I have been contemplating rainbows recently, spurred by something I read in the Sentinel magazine (see here). As a physicist, I know that a rainbow does not exist “out there” but actually exists on the retina of the eye. You can never get to it or touch it, because that remarkable beauty you see is actually, literally, within you, even though it comes as a suggestion of atmospheric conditions.
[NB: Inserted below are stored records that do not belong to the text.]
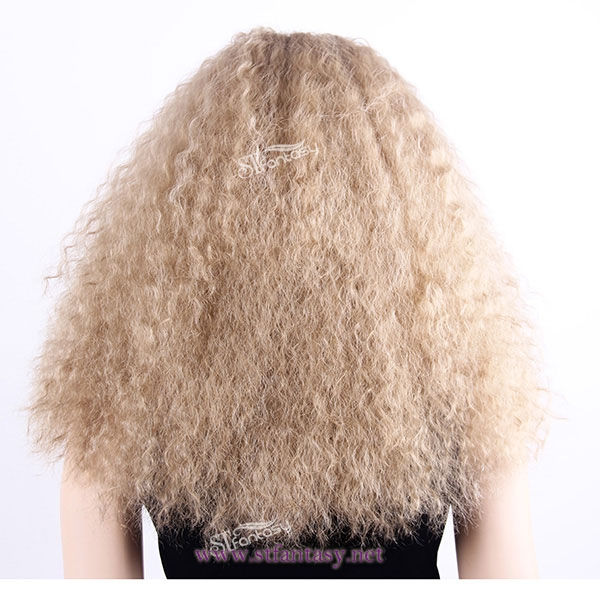 Factory wholesale golden blonde fluffy synthetic long wig for african american women
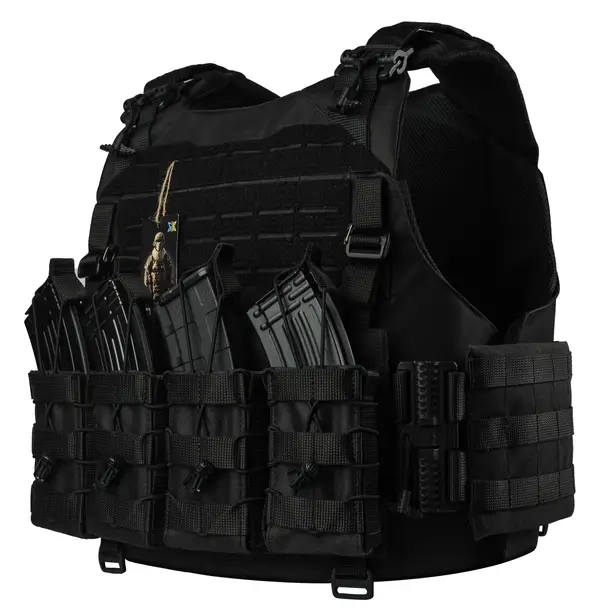 1 - Плитоноска Warmor Gen.4 (Комплект 4 підсумки) з системою швидкого скидання. Molle. Колір Чорна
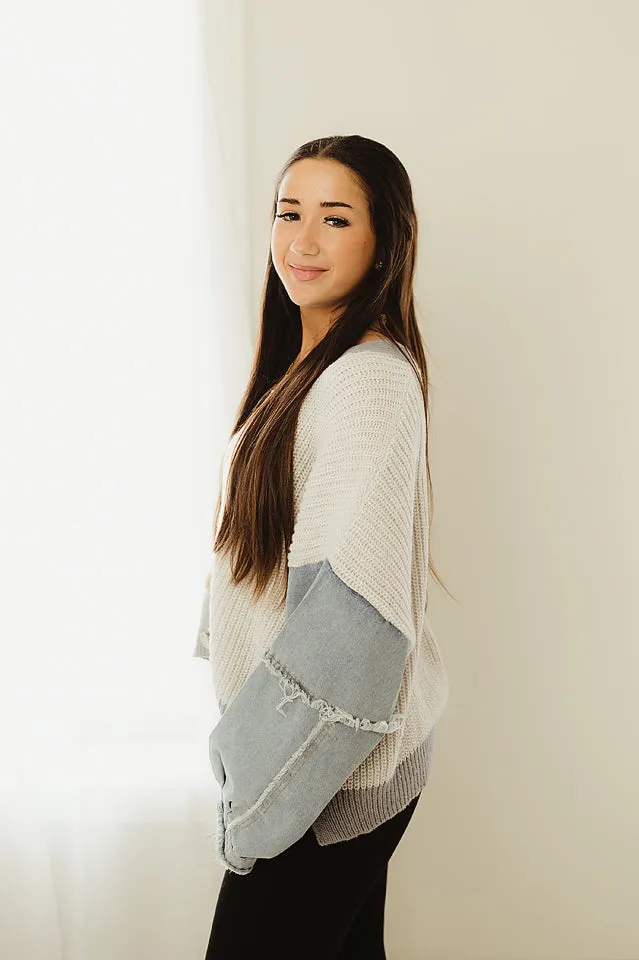Button Up Denim Cardigan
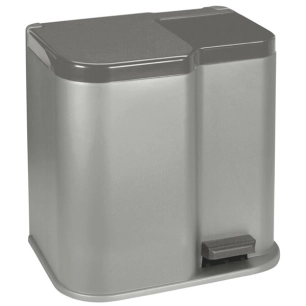poubelle à pédale duo 14 l + 7 l 30 x 41 x h42 cm argent anthracite - curver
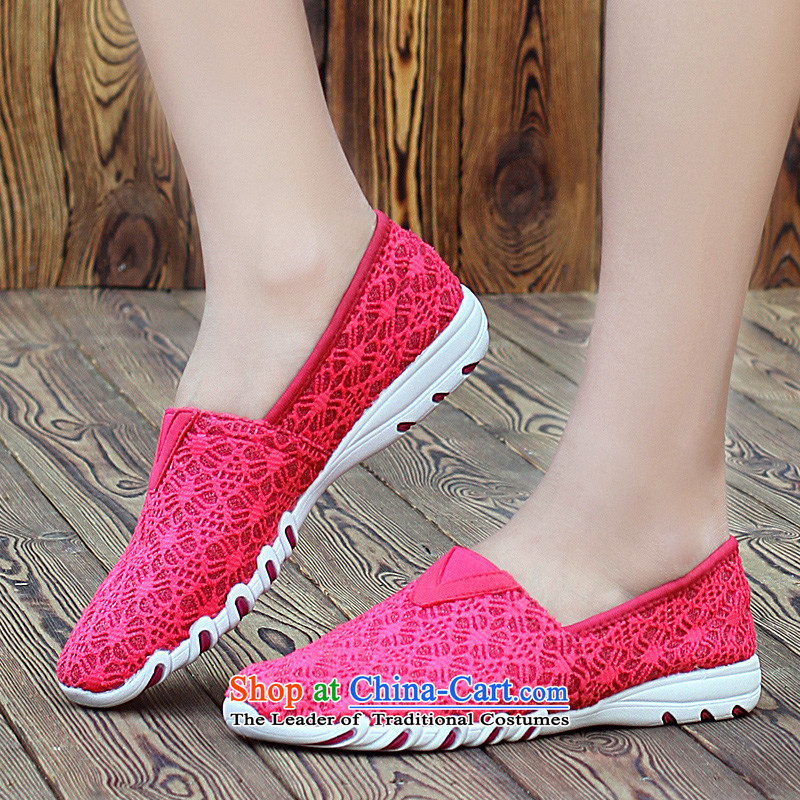 2015 Summer Camp set foot Korean female round head flat bottom single Korean female Internet shoes shoe lace leisure shoes breathable one stirrups lazy people better red 38, shoe is estimated (LANPUDO) , , , shopping on the Internet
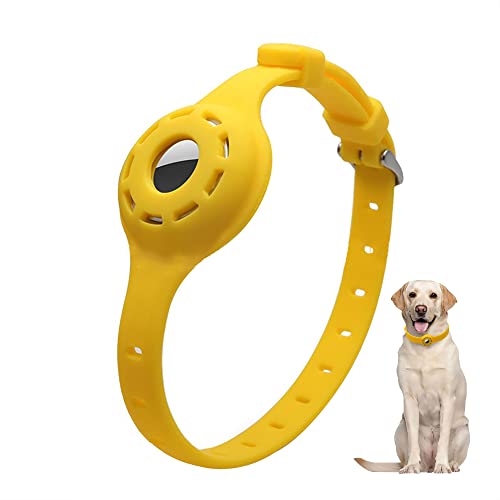 LiRui.R Airtag Protector Silikon Leuchthalsband Einstellbare Verlustprävention Auffälliges Haustierhalsband für Katzen und kleine bis mittlere Hunde(Gelb) von LiRui.R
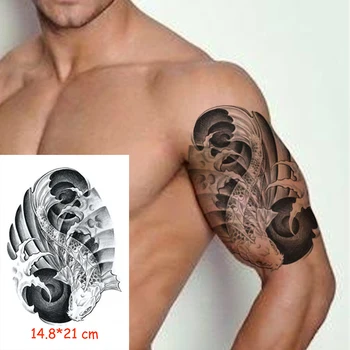 Impermeável da Etiqueta Temporária Tatuagem peixes, estrelas-do-mar da onda shell tatuagem da Arte Corporal fake tattoos o flash tatto Mulher, Homem, menino 14.8*21 cm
I’m experiencing this as a metaphor for so many things lately. For example, I was at my homeschooling support group’s planning meeting last night. What struck me most was how my perspective was so dramatically different in my eleventh year of homeschooling than those just starting out. Yes, I am interested in academic excellence, but have learned that it is the heart and the love that will matter most. I’m deeply grateful we had cozy time on the couch time doing Five-in-a-row (see here) in Kindergarten. Kids need a great foundation, need age appropriate studies, and need all that comfort and affirmation and independent exploring to make their own connections. They need cuddling and something interesting to think about that they understand. Some of these new parents can’t see that at all; they are busy trying to teach their kindergarteners exponential logarithms, and are rather ruthlessly focusing on making them the powerful ivy-educated elite ready to run the universe. They’ll not get another chance at having their child be a carefree happy kid who learns by playing, who knows that they are great right now. I would, from where I stand, that they safely build on that sure footing. But they couldn’t hear what I had to say because the rainbow wasn’t fixed in their eye, and one wonders if it ever will be. They may never know what they missed.
I’m reflecting on all this probably more right now, since I drive my oldest to college today. I leave with her in about an hour; she’s still racing around packing last minute stuff. We are seeing a beautiful rainbow in this transition for both her and us. It feels natural. We know peers of hers and their parents who are sad, or scared, or bittersweet, or excited out of all proportion. Yes, in one way it is a big deal. But more to us, it is just the next step in a slew of gradual steps. We’ve encouraged age appropriate activity all along, so this is feeling normal to us. She’s always been more than equal to whatever was required of her; she’s ready for this too. She’s done her laundry for years, been in charge of her life and her studies for a long time. She’s socially savvy and will enjoy meeting new people. And she is that academic powerhouse those new hot-house parents can only dream of, but it happened one color at a time –unforced– to make this glorious rainbow.
It is interesting, that as so often happens when you are thinking of something, it comes into your experience. I was thinking all this about rainbows and got a call from a local friend that I should come over immediately and bring my camera for a wonderful rainbow! I did rush over and took the photos above and below, but could not catch the immensity and the awesome nature of this huge, complete, double rainbow. In my metaphor, there was a vivid one for my child and a subtle tandem one for us, both beautiful, and comprehended, but it was impossible to get sufficient distance on it to record it, except deep within. The rainbow holds a promise and I saw it rejoicingly and totally embraced it.
The atmospheric conditions are always right to see your child (or yourself!) as complete and enough at any moment, including the whole spectrum of brilliant and loved, capable and prepared, if only you have the eye to behold it. Today I’m glad I have and I do. I hope you do too.